What to work on
Repeat, exactly and with no pictures, the lines that run from the beginning of the entries through the line containing "Antique Oak Kneehole".

Data records

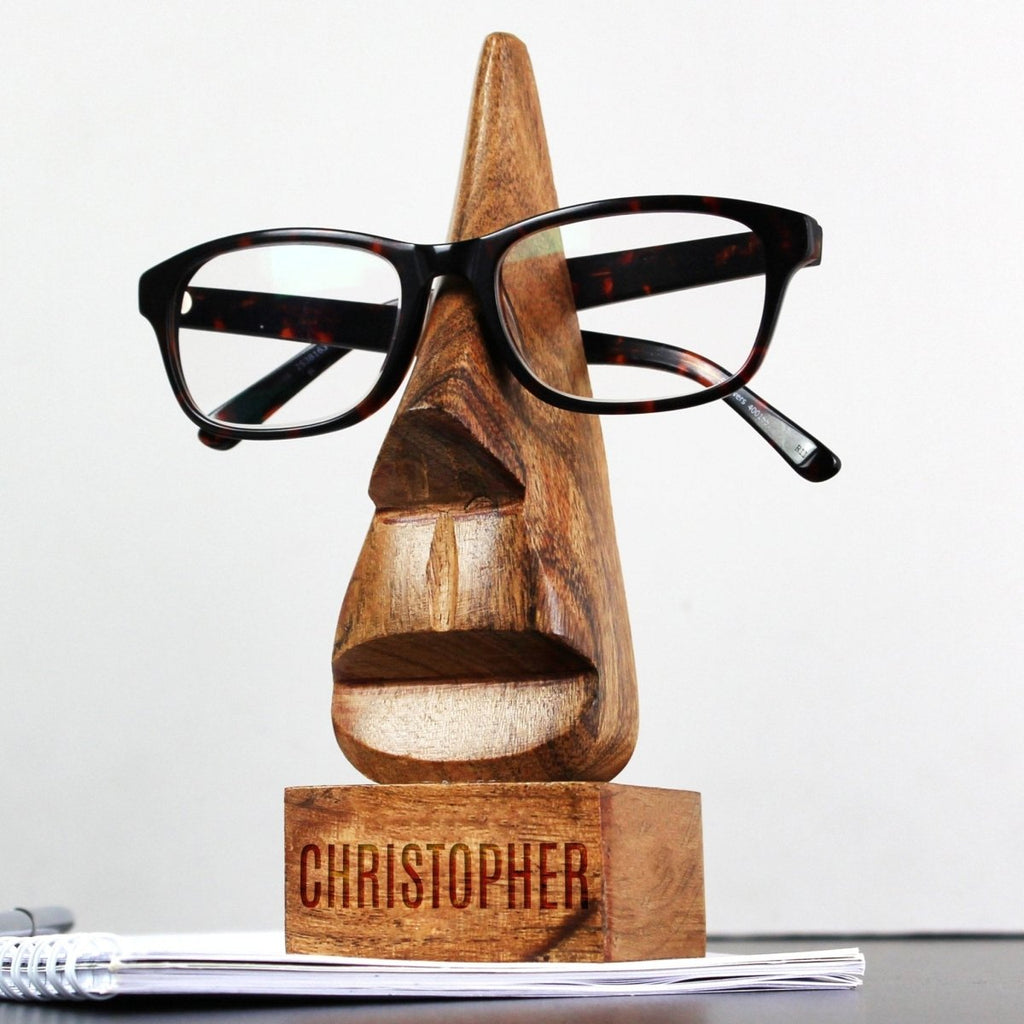 Personalised Wooden Nose-Shaped Glasses Holder - Engraved Memories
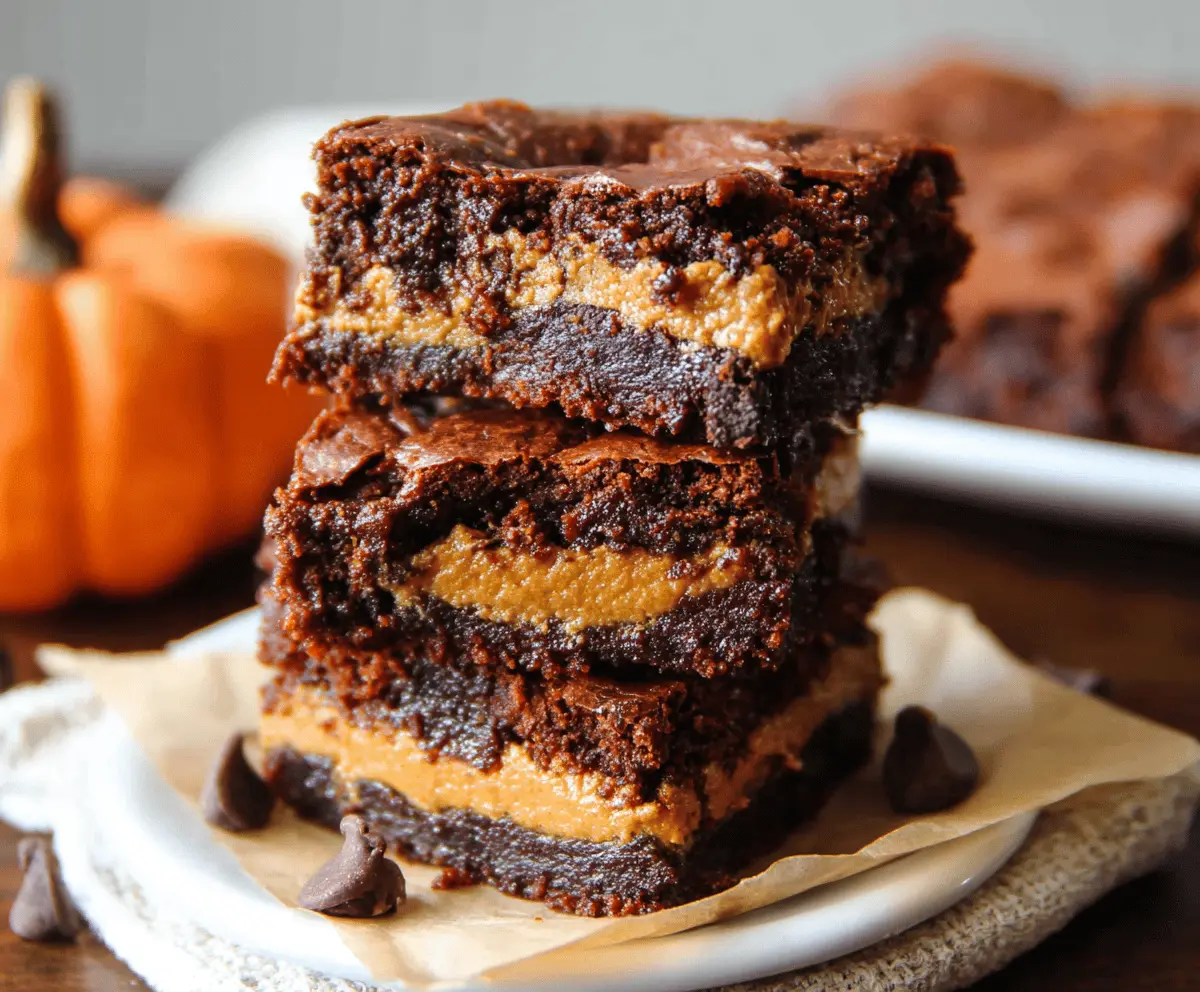 Delicious homemade pumpkin brownies topped with chocolate chips, perfect for fall desserts and Halloween treats.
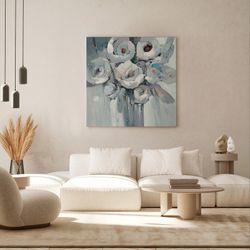 Black and white flowers frame (100 x 100 cm) | Abstract Series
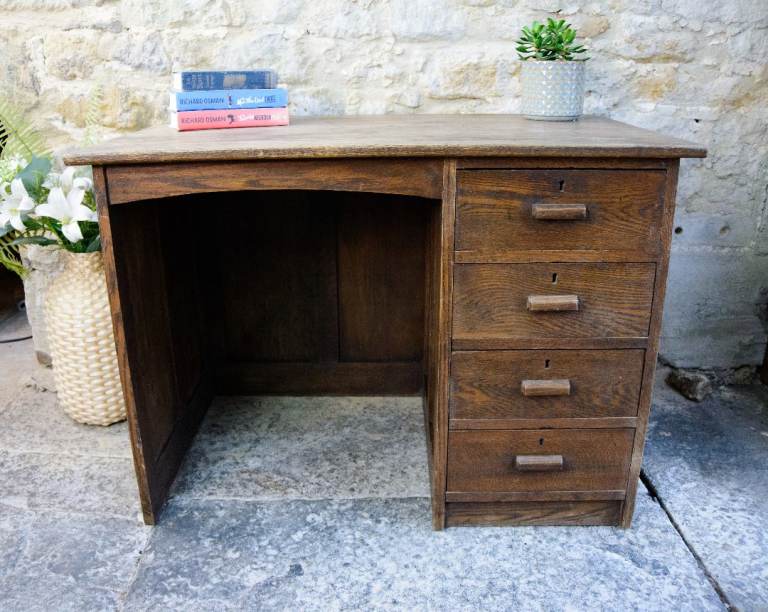 Antique Oak Kneehole Desk - Single Pedestal - 1920s 1930s
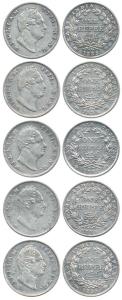 William IV, Silver Rupee (5) 1835, obv A, rev I, ’F’ Raised; obv A, rev I, ’F’ Incuse; obv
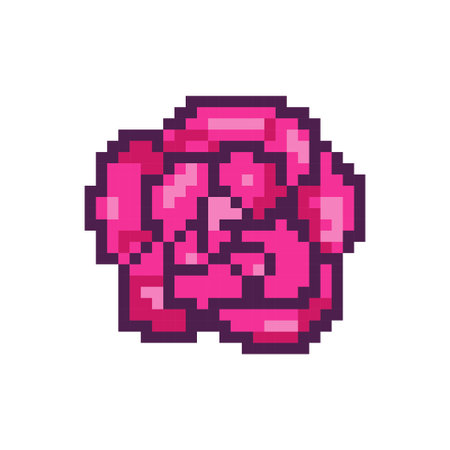 Pixel valentine's day rose, flower, 8 bit, retro, y2k pixel icon on a completely white backgroundのイラスト素材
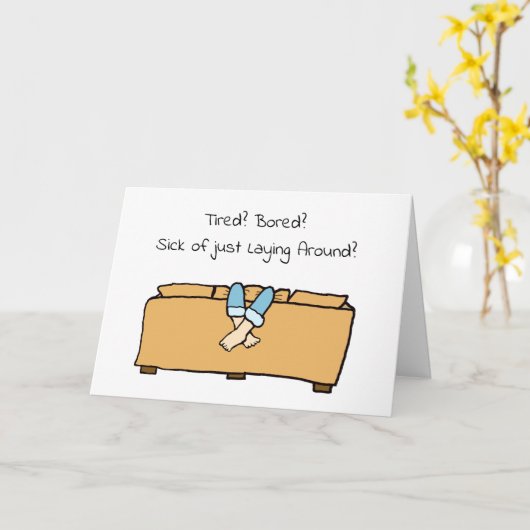 Müde, Langweile, Miss You Karte (Gelbe Blume)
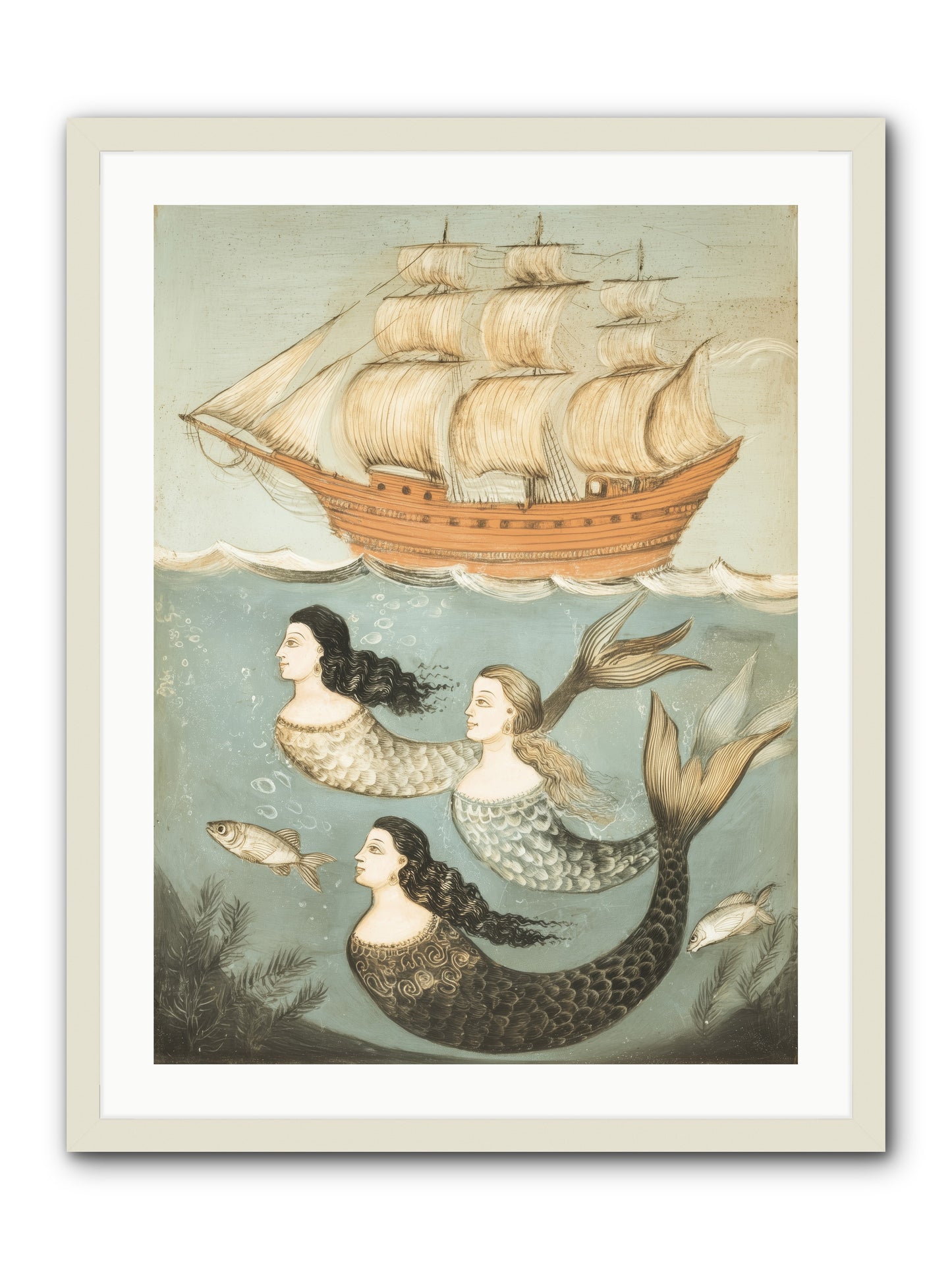 Aquatic Angels -- Framed Print - White 24x32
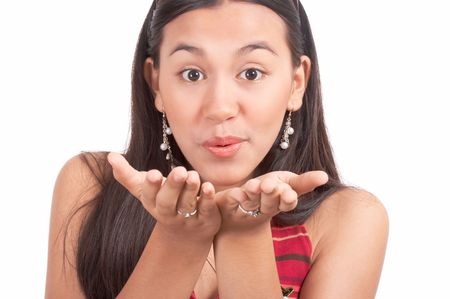 playful girl sending kisses on her valentineの写真素材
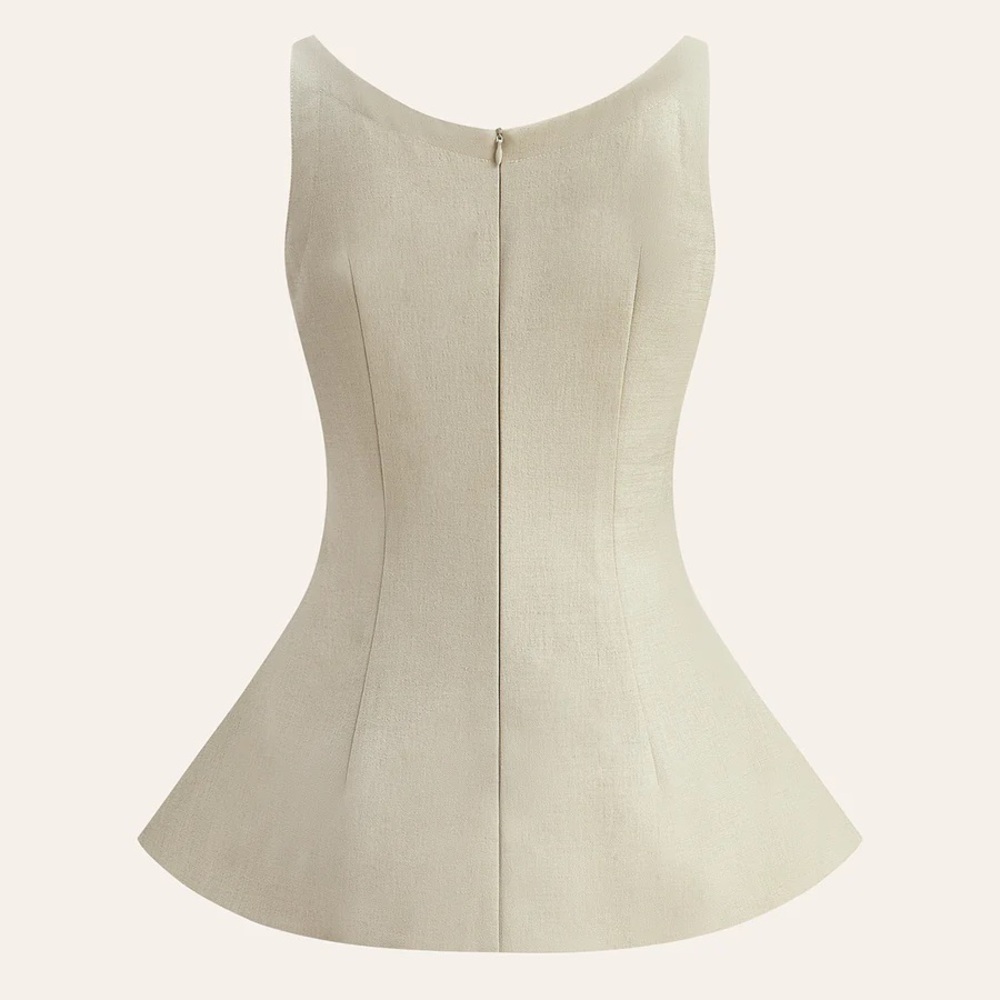 Commense Back Zipper Peplum Flare Top - Picture 5 of 15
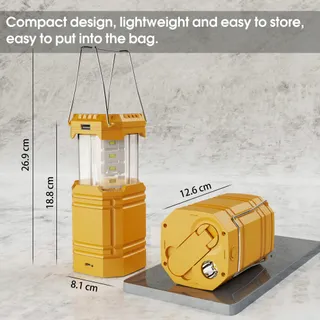 Handslinger Solar Camping Lantaarn LED Zaklamp Powerbank — miniatuur 3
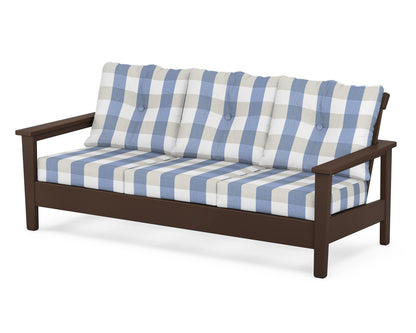 POLYWOOD® Prescott Deep Seating Sofa in Mahogany / Buffalo Plaid Sky Blue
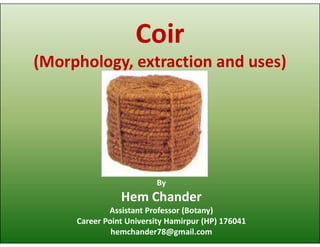 Coir
(Morphology, extraction and uses)
By
Hem Chander
Assistant Professor (Botany)
Career Point University Hamirpur (HP) 176041
hemchander78@gmail.com
 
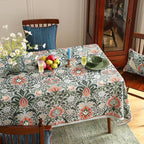 ISAENNE Designer Bohemian Linen Green Extra Long Rectangle Tablecloth,Floral Indoor Table Cloth,Stain Resistant Decor Tablecloths for Dining Thanksgiving Kitchen Party Christmas,63"*110"-Naples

Exercise solution
 Personalised Wooden Nose-Shaped Glasses Holder - Engraved Memories
 Delicious homemade pumpkin brownies topped with chocolate chips, perfect for fall desserts and Halloween treats.
 Black and white flowers frame (100 x 100 cm) | Abstract Series
 Antique Oak Kneehole Desk - Single Pedestal - 1920s 1930s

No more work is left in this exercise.